[Source data]
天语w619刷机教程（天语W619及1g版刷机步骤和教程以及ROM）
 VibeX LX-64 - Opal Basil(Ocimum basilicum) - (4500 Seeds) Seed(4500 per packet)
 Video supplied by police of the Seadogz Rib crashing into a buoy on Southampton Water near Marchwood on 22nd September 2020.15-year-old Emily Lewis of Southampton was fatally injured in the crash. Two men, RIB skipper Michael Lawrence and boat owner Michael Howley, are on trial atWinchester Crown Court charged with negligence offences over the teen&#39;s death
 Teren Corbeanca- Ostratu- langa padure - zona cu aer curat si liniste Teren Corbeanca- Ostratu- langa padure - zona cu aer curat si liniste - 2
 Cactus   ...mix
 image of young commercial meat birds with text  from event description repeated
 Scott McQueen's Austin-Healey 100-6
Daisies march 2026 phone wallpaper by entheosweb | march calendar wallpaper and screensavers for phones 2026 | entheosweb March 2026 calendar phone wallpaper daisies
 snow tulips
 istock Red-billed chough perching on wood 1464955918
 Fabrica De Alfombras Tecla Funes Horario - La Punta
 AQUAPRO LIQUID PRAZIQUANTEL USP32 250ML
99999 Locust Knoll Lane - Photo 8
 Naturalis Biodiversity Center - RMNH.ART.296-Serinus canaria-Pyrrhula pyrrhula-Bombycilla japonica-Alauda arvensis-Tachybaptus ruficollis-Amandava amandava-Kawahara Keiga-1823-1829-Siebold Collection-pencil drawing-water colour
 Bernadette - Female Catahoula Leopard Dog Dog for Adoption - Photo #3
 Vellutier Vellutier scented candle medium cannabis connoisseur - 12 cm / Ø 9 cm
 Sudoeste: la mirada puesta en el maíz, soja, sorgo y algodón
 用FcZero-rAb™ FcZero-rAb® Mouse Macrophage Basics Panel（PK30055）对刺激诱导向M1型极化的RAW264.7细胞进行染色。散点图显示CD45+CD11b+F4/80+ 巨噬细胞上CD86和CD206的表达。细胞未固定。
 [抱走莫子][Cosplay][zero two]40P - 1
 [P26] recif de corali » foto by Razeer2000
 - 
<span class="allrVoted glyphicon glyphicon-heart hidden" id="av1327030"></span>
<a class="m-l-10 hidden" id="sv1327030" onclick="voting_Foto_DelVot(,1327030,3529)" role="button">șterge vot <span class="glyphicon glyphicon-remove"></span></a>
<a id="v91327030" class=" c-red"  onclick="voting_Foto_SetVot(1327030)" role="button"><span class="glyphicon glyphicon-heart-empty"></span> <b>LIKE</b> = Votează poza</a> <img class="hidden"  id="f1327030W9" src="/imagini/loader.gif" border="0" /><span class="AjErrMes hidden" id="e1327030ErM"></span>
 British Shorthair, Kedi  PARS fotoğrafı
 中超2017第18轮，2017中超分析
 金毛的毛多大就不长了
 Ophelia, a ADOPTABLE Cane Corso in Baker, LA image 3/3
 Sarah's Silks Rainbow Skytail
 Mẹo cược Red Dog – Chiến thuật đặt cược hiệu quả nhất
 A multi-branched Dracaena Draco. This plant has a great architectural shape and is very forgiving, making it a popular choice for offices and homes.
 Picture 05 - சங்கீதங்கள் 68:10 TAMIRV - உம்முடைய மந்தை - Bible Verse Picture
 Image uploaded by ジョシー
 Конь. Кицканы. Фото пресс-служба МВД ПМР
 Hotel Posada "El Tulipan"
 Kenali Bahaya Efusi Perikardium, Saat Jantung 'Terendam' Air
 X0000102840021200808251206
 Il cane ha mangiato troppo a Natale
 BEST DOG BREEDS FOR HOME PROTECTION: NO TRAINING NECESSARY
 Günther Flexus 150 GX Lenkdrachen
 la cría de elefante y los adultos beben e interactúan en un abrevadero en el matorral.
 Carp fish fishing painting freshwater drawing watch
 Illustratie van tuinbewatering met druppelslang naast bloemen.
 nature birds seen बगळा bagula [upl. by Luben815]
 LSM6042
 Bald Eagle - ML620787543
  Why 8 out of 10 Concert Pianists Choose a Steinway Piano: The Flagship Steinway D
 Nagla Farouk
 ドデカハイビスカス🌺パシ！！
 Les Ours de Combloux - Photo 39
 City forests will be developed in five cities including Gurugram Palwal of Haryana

WORK TO COMPLETE
Reproduce, character for character, only the lines of the preceding data that start at the line with "Kenali Bahaya Efusi" and end at the line with "nature birds seen", both included.

RESULT BELOW
 Kenali Bahaya Efusi Perikardium, Saat Jantung 'Terendam' Air
 X0000102840021200808251206
 Il cane ha mangiato troppo a Natale
 BEST DOG BREEDS FOR HOME PROTECTION: NO TRAINING NECESSARY
 Günther Flexus 150 GX Lenkdrachen
 la cría de elefante y los adultos beben e interactúan en un abrevadero en el matorral.
 Carp fish fishing painting freshwater drawing watch
 Illustratie van tuinbewatering met druppelslang naast bloemen.
 nature birds seen बगळा bagula [upl. by Luben815]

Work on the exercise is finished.